Kubbe, mimari alanda eski dönemlerden beri uygulanan bir unsurdur. Tarihi gelişimi süreci içinde
boyutları büyüyen kubbe asıl önemli gelişimini Türk ve İslam mimarisinde kaydetti. Başlangıçta
küçük boyutlu kubbeler inşa eden Türk mimarlar, özellikle İstanbul'un fethinden sonra büyük
kubbeli eserler yapmaya başladılar. Mimar Sinan'ın Edirne'de Padişah II. Selim adına inşa ettiği
Selimiye Camii, 31 metreyi aşan kubbe çapıyla Bizans İmparatorluğu devrinde inşa edilen
Ayasofya'yı geride bıraktı.Günümüzde Türkiye'de inşa edilen camilerin kubbe tarzı büyük ölçüde
Osmanlı tarzının devamı niteliğindedir.

Mescid
_____________
Mescid, Cuma Namazı kılınmayan küçük cami veya namaz kılma yeri.Mescid kelimesi Arapça'da
secde edilen yer anl***** gelir. Mescidlerde minber yoktur bu sebeple buralarda hutbe okunmaz
ve Cuma Namazı kılınmaz. Mescidler namaz kılmak için kullanılan küçük mekânlardır.
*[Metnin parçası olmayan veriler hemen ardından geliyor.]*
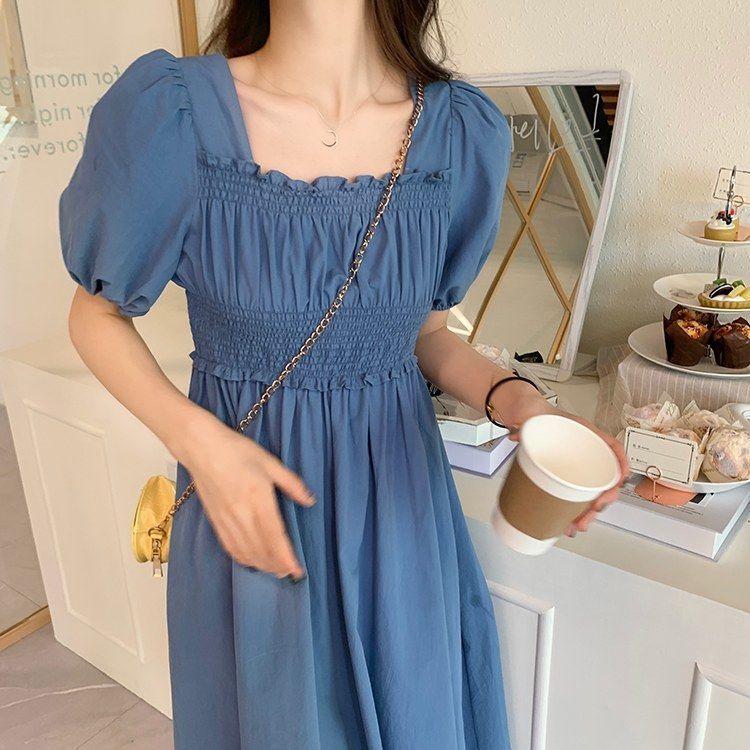 Summer Chic Waist-Cinching Slim Dress with Square Neck and Puff Sleeves
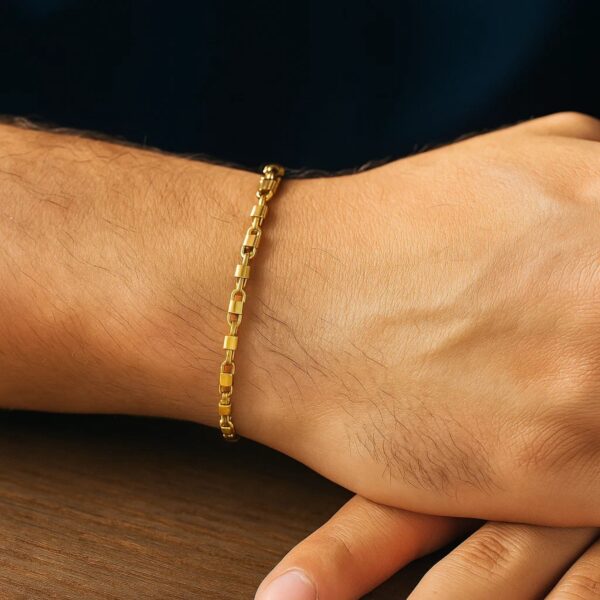 14K Yellow Gold Square Byzantine Chain Bracelet (2.00 mm) - alternate view 4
Cami ve mescid ayrımı sadece Türkiye'de vardır. Diğer İslam ülkelerinde mescid kelimesi
Türkiye'deki cami kelimesinin karşılığı olarak kullanılır. Arapça’nın dışındaki dillere cami kelimesi
mescid kelimesinin değişik dillerdeki okunuş şekli olarak girmiştir.

Namazgâh
_____________
Namazgâh, Açık havada namaz kılmak için düzenlenmiş ibadet mekanı.İslamiyetin ilk
dönemlerinde cuma ve bayram namazlarının topluca kılınabilmesi için oluşturulan açık alanlara
musalla denirdi. Osmanlılar zamanında yakınında cami veya mescid bulunmayan şehir dışındaki
alanlarda, namaz kılmak için oluşturulan mekânlara namazgâh denildi.